Gut gebaut

Creative Director rekonstruiert Coolness für das schwedische Label J.Lindeberg

„Under construction“ nennt Creative Director Jens Werner seine zweite Kollektion für das schwedische Label J.Lindeberg – Tatsächlich hat er die einst für Golf- und Sportmode bekannte Marke ziemlich umgebaut.
Mit zeitgeistigen Design und moderner Inszenierung zeigt er zur Kopenhagen Fashion Week seine Vision. Die neue, lindbergische‘ Lässigkeit ist inspiriert vom sleeken East Coast Look im Kontrast zum Skater-Streetstyle der West Coast, spielt mit Oversize-Silhouetten zu schmalen Konturen, Sportswear-Elementen aber auch klassischen Cuts, komplementiert durch Accessoires, die genau in die Kerbe zwischen angesagt und zeitlos treffen. Das Rebranding hört aber nicht am Kleiderbügel auf: Der kalkulierte Kontrast zieht sich auch in der Casting aus Street-Faces und Models, auch das Rohbau-artige Industrie-Setting passt zur Intention.
Der Umbau ist vielleicht noch nicht abgeschlossen, aber das Gerüst steht auf jeden Fall. Und die Fashion ist auch schon im Shop.
Zur Show in Kopenhagen sprachen wir mit dem Deutschen Kreativen über seine Vision.

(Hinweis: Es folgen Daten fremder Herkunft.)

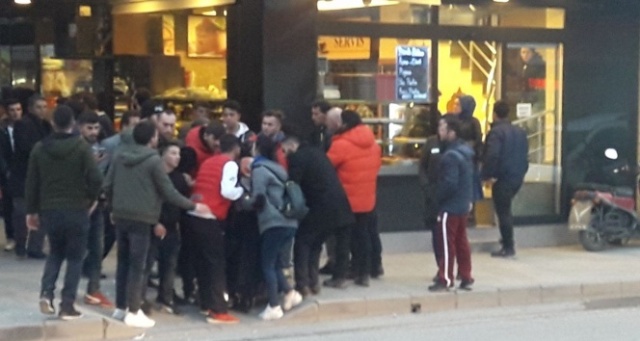 İki grup arasında çıkan laf atma kavgası karakolda bitti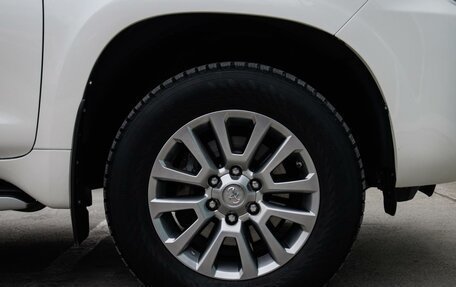 Toyota Land Cruiser Prado 150 рестайлинг 2, 2018 год, 4 190 000 рублей, 6 фотография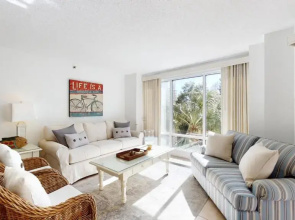3229 Villamare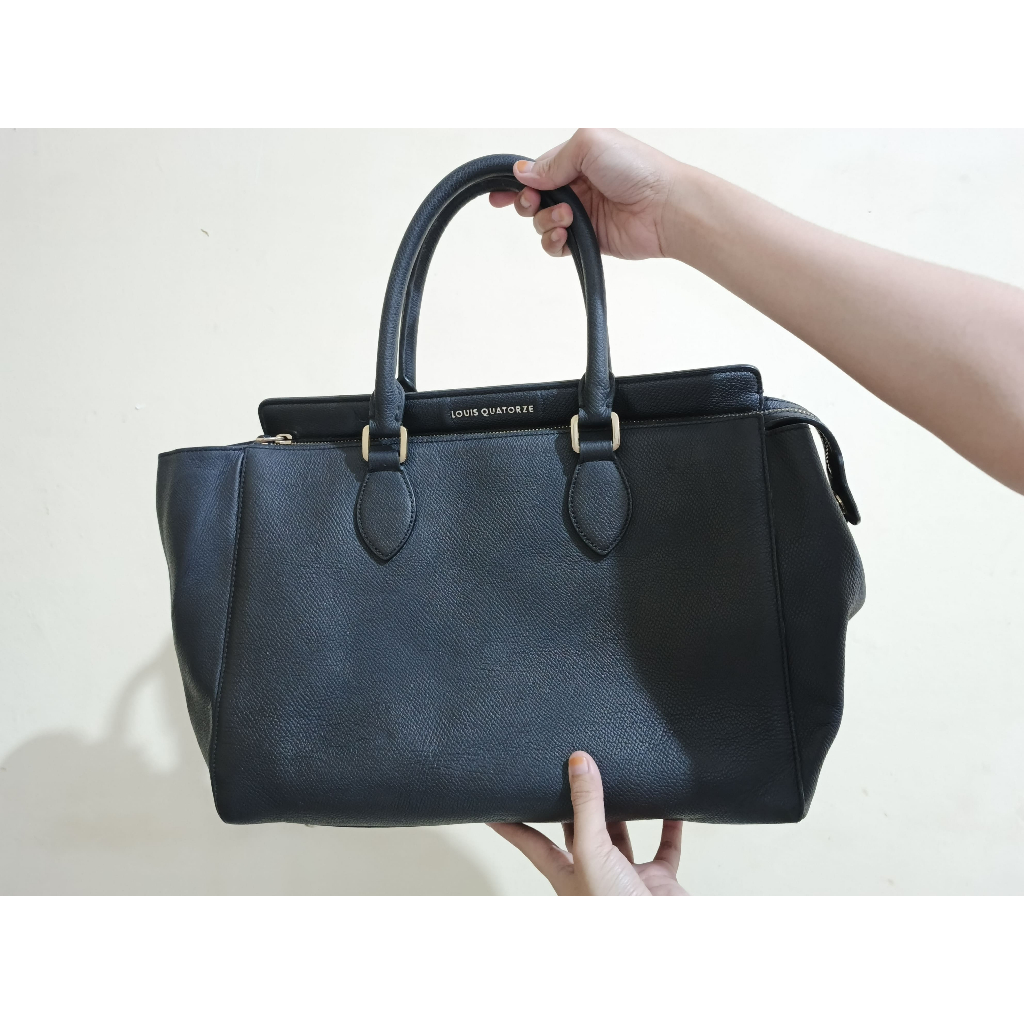 Tas merk Louise Quatorze bekas preloved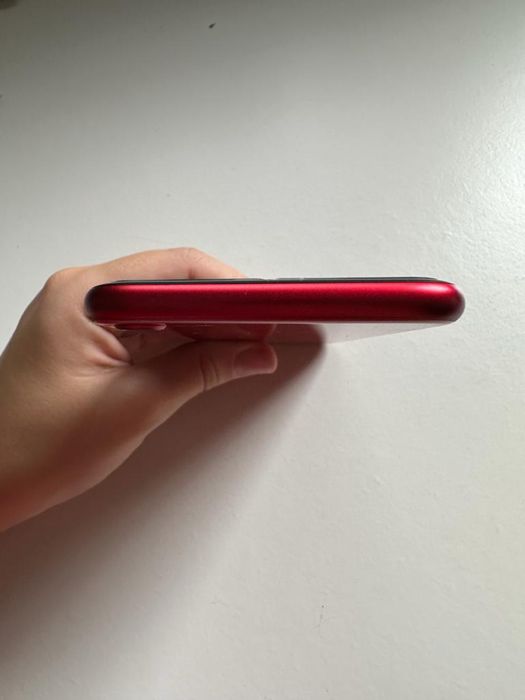 iPhone SE 22 128GB Product Red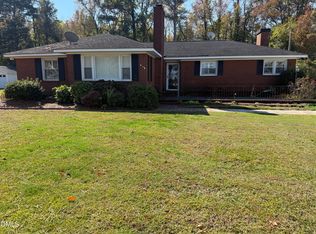 605 E 2nd St, Kenly, NC 27542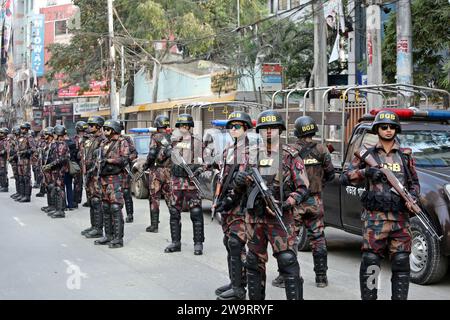 Dhaka, Wari, Bangladesh. 29 décembre 2023. Des membres des gardes-frontières du Bangladesh (BGB) se tiennent dans Une rue pour la 12e élection générale qui aura lieu à Dhaka, au Bangladesh, le 30 décembre 2023. Les fonctions de sécurité électorale ont commencé à aider à assurer une atmosphère pacifique et à maintenir l'ordre public dans tout le pays pour les élections du 7 janvier. Selon la Commission électorale du Bangladesh, la 12e élection générale est prévue le 7 janvier 2024 pour sélectionner les membres du Parlement national au Bangladesh. (Image de crédit : © Habibur Rahman/ZUMA Press Wire) USAGE ÉDITORIAL SEULEMENT! Non destiné à UN USAGE commercial ! CRE Banque D'Images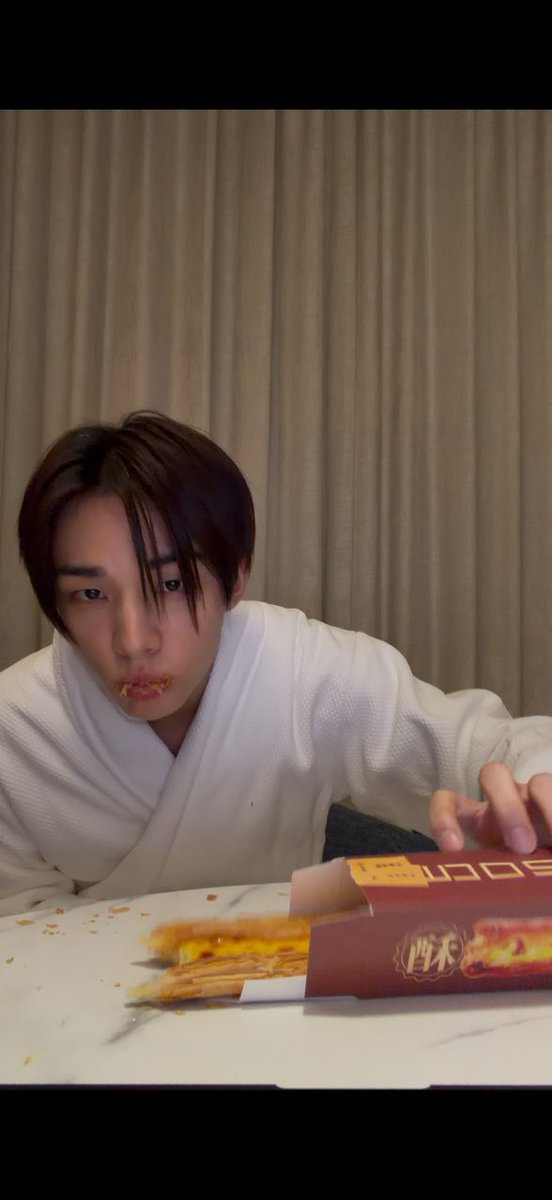 dearhhj00's tweet photo. 🫧🥟 update

Hyunjin with his 60cm egg tart 🤣😅 https://t.co/dsck1FxcWt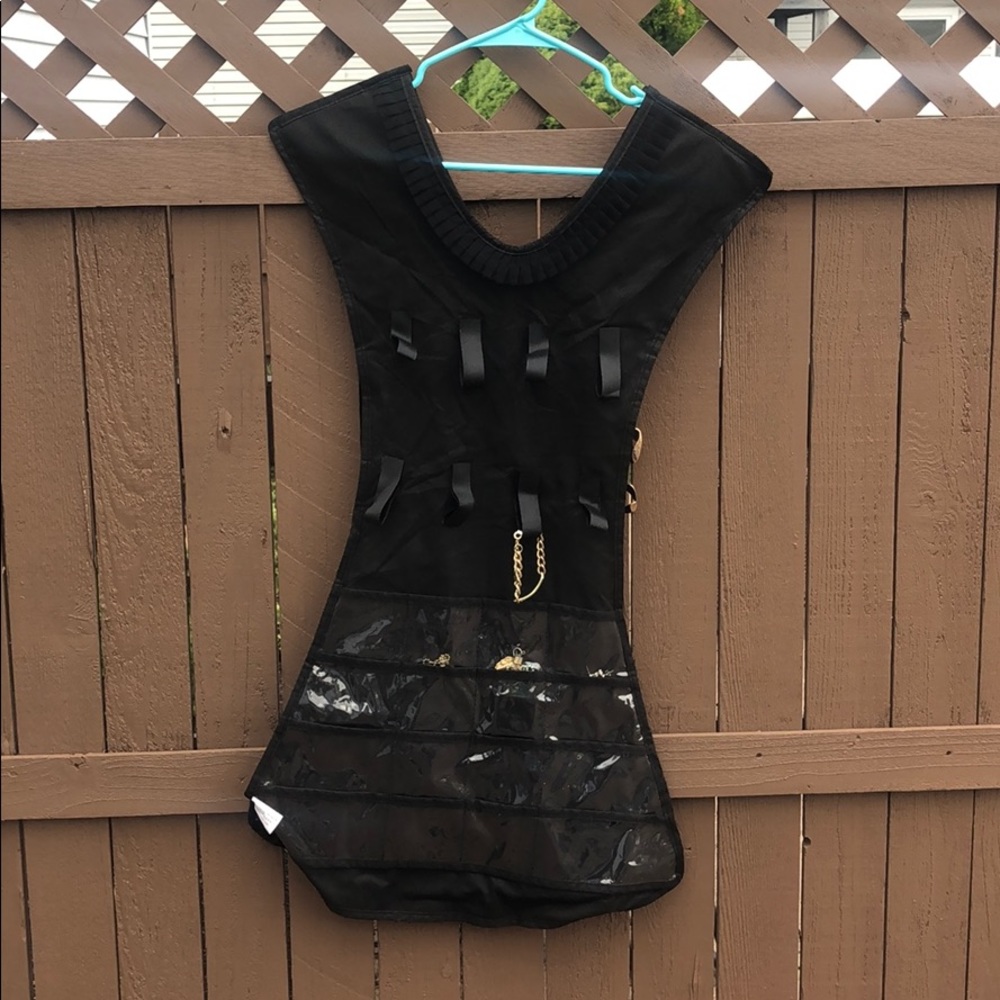 Hanging jewelry organizer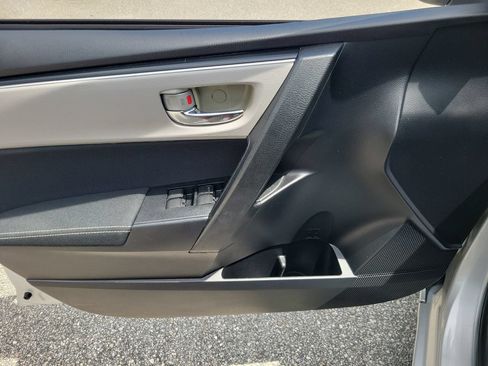 Used 2017 Toyota Corolla L FWD image 13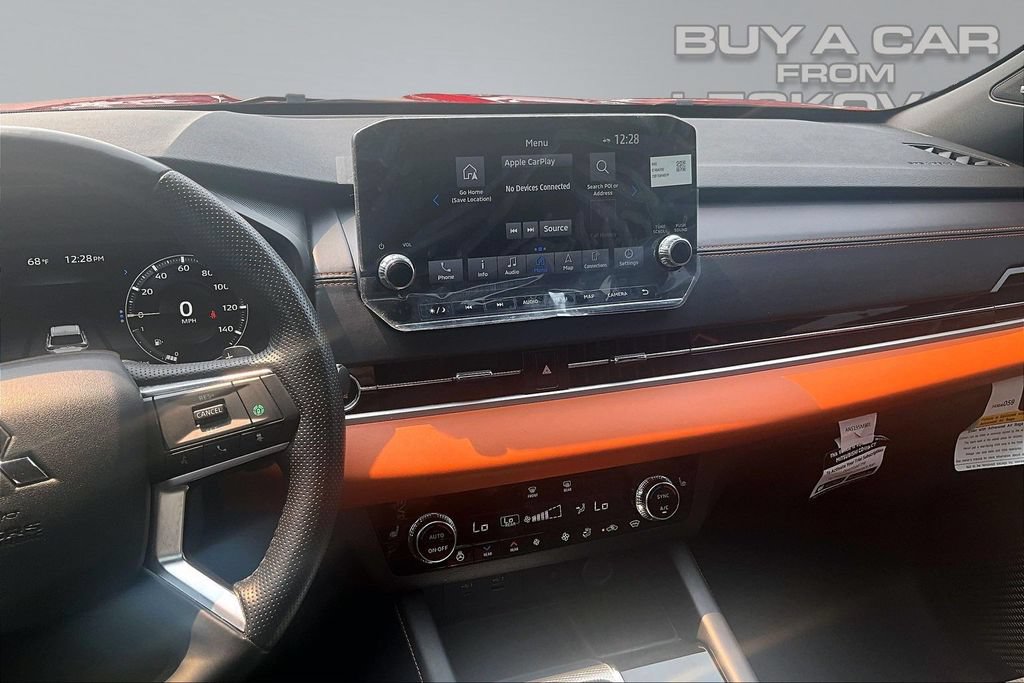 Used 2024 Mitsubishi Outlander SEL AWD/4WD image 6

East trifft West Coast: LA-Skater-Style und NYC-Taxi-Gelb
Cool gecastet: Elsa für J.Lindeberg
Charakter anstatt Cutie: Model Vetle
Zeitlosigkeit trifft Zeitgeist: Trench zur Baggy

Ist Sportswear die neue Haute Couture?

Nein. Aber Sportswear gewinnt immer mehr Relevanz, weil sie vielfältig ist und modern. Und mittlerweile akzeptiert. Sportswear hat so viel Interpretationsspielraum – was meiner Meinung nach der Grund ist warum es so Vielen gefällt. Man kann sicherlich auch einen Einfluss der Sportswear auf Haute Couture sehen. Aber das liegt eher daran, dass sich auch Haute Couture neu definieren muss, um relevant für nächste Generationen zu bleiben. Diese Generation wächst in einem Street – und Sportswear Markt auf, in dem es kaum noch Grenzen und Einschränkungen gibt, wie man was zu welchen Anlass trägt.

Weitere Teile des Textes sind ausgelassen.